Defendant's final argument in support of his ineffective assistance of counsel claim is that the "implications of the Paperwork Reduction Act of 1980 were never raised." The Paperwork Reduction Act of 1980 (PRA), 44 U.S.C. Sec. 3501 et seq., prohibits:
[A]ny federal agency from adopting regulations which impose paperwork requirements on the public unless the information is not available to the agency from another source within the Federal Government, and the agency must formulate a plan for tabulating the information in a useful manner. Agencies are also required to minimize the burden on the public to the extent practicable. See 44 U.S.C. Sec. 3507(a)(1) (1982 ed. and Supp. V). In addition, the Act institutes a second layer of review by OMB for new paperwork requirements. After an agency has satisfied itself that an instrument for collecting information--termed an "information collection request"--is needed, the agency must submit the request to OMB for approval. See 44 U.S.C. Sec. 3507(a)(2) (1982 ed., Supp. V). If OMB disapproves the request, the agency may not collect the information. See 44 U.S.C. Sec. 3507(a)(3) (1982 ed.).
Dole v. United Steelworkers of America, --- U.S. ----, 110 S.Ct. 929, 933, 108 L.Ed.2d 23 (1990).
Furthermore, the PRA provides that:
Notwithstanding any other provision of law, no person shall be subject to any penalty for failing to maintain or provide information to any agency if the information collection request involved was made after December 31, 1981, and does not display a current control number assigned by the Director, or fails to state that such request is not subject to this chapter.

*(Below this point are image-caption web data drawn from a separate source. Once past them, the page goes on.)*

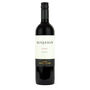 Red Wine Discovery Case – A Mixed Selection Of Six International Reds, thumbnail 3 of 8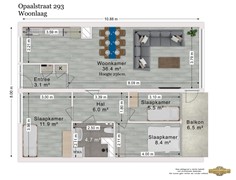 Floorplan2D.jpg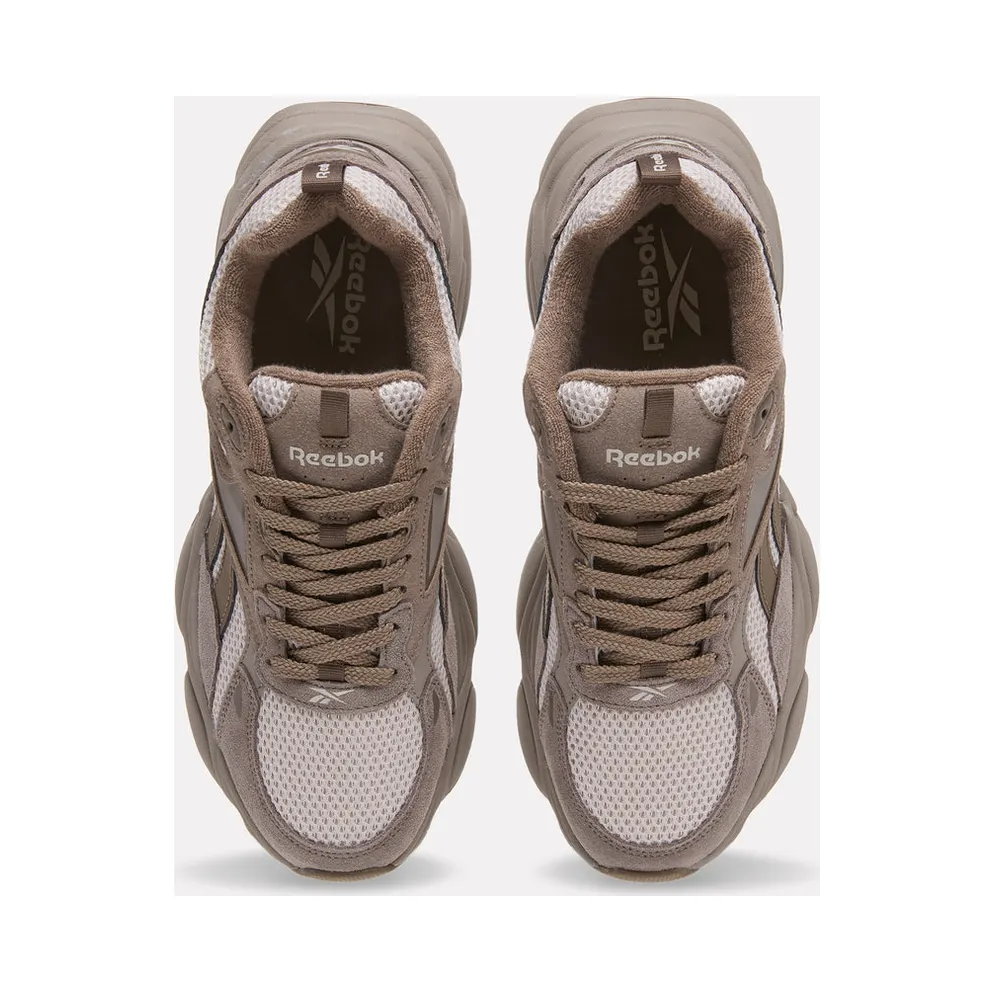 Reebok Charge Run (100262371)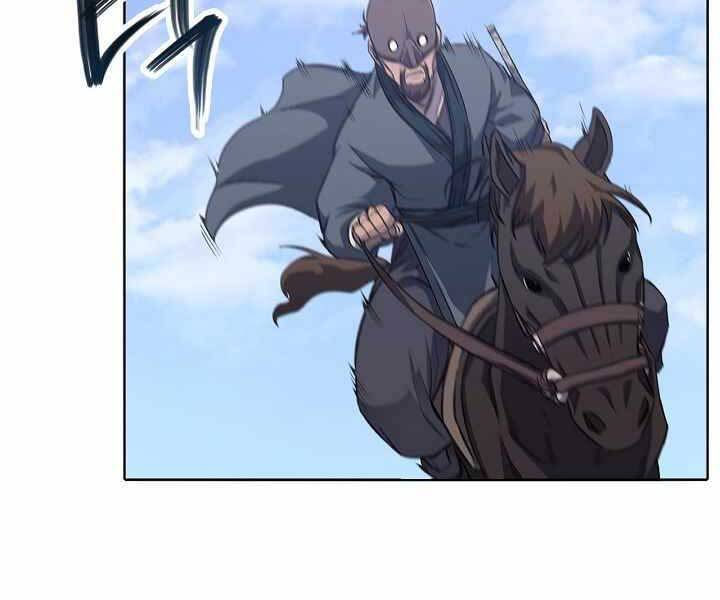 Biên Niên Sử Của Thiên Quỷ Chap 177 - Next Chap 178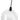 Kuzco Bolla PD3106 6 Inch LED Pendant 12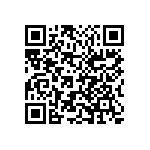 1210Y5000102KAR QRCode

44 U.S.C. Sec. 3512. At least one court has reversed a criminal conviction on the basis of section 3512. See United States v. Smith, 866 F.2d 1092 (9th Cir.1989).
Although the defendant constructs an elaborate argument as to why section 3512 should apply to this case, and hence implicate his counsel's alleged ineffectiveness for not raising this issue, we are unable to see how section 3512 is relevant. This section, by its terms, applies only to information requests made after December 31, 1981. The tax years in question here were 1979, 1980, and 1981. Clearly, tax returns for 1979 and 1980 would not be affected by the PRA. As for the 1981 return, it did display the appropriate control number, and the regulations do not need a number because the requirement to file a tax return is mandated by statute, not by regulation. Defendant was not convicted of violating a regulation but of violating a statute which required him to file an income tax return. See 26 U.S.C. Secs. 6012 and 7203. The Paperwork Reduction Act, therefore, does not apply to the statutory requirement, but only to the forms themselves, which contained the appropriate numbers.